I cancelled a physician appointment about getting my diet back on point to attend an impromptu barbecue
 
many lectures - that was unfortunate given the recent conversation.
 
4:53 PM
@BernardoMeurer I have this image of you squirting Elmer's on your baby back ribs...
 
@TerryBollinger It can be arranged
 
@BernardoMeurer lol
Also, what is Elmer's?
 
@JohnRennie This again?
 
@ACuriousMind A particularly tasty glue
 
@DanielSank Lol same question.
 
4:54 PM
@ACuriousMind Elmer's glue, the white water soluble stuff, good for paper, made from cows I think.
 
John Rennie - I have a request. Please stop accumulating reputation so some of us can catch up ok?
3
 
@DanielSank hey it's my one claim to fame :-)
 
@JohnRennie you still doing that interesting consulting work? I think it was short-term only though.
 
@user34445 I've actually stopped trying, but I think I've rep critical mass and am now going to form a singularity.
 
lol
 
4:56 PM
@JohnRennie watched but everything was above my head
 
@TerryBollinger yes, just signed off on an Excel spreadsheet that calculates stainless steel corrosion rates in reactor cooling systems!
 
@JohnRennie there's got to be a good video potential for that singularity forming... !
 
@JohnRennie @TerryBollinger Get me a job plz
 
@BernardoMeurer ah, you are still a freshman, yes?
 
@JohnRennie I've never quite understood why folks use spreadsheets to do calculations.
How to test?
 
4:57 PM
Yeah, but I'm, ehm, unorthodox :P
 
How to share?
 
@JohnRennie Yes, I did. That was on Cosmology and I could sustain for considerably long time in comparision to my age. He explains things wonderfully, slowly.
 
Seems incredibly likely to make mistakes.
 
@DanielSank I guess it's easy for people to use it?
 
@JohnRennie stainless steel seems like a motley mix for neutron irradiation... special versions only?
 
4:59 PM
@BernardoMeurer Testing would seem to be more of a PITA than it should.

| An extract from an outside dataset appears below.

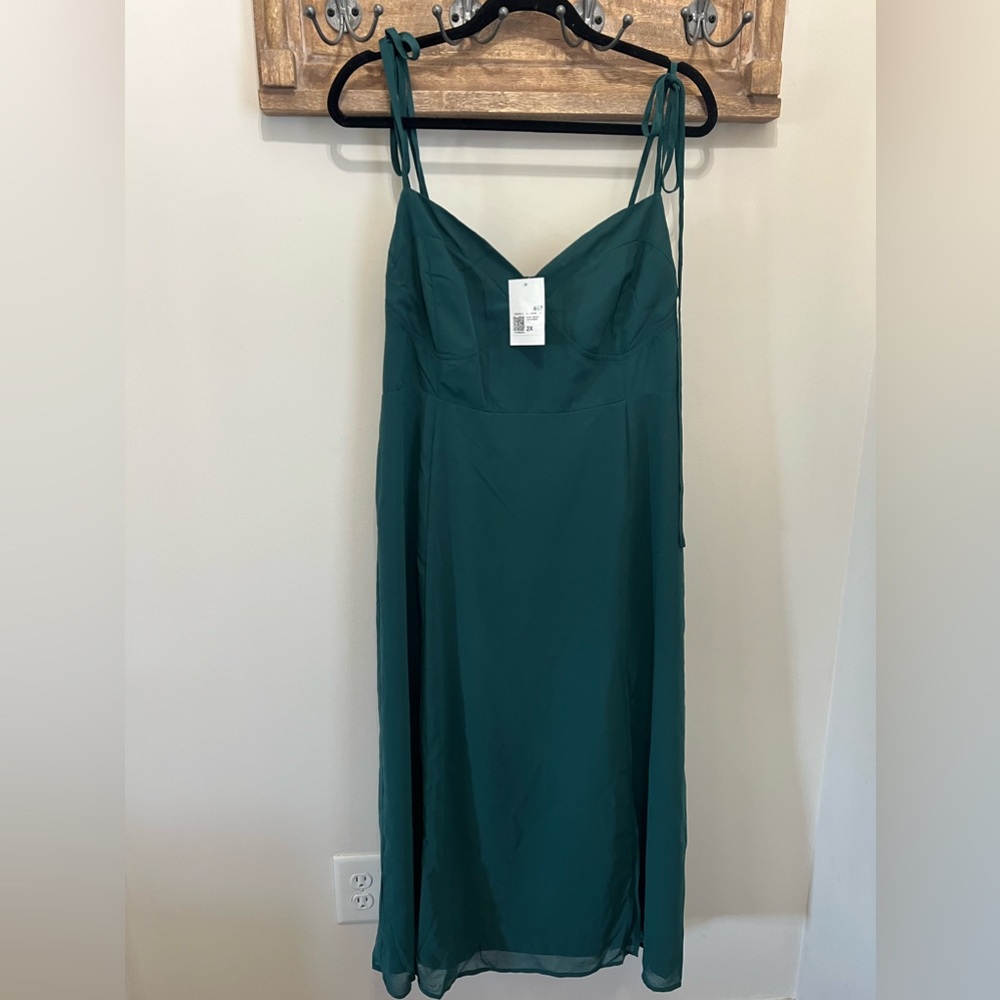 Forever21 plus tie strap midi dress 2x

For nuclear reactors I would want tested code.
 
@DanielSank the calculation is done in several thousand lines of highly structured visual basic. We use Excel just for the user interface.
 
@BernardoMeurer did you quit the Greek Orthodox church recently?
 
@JohnRennie ah
 
No. No tests. Just deal with things as they blow up
 
I can assure you that the calculation engine has been very thoroughly tested.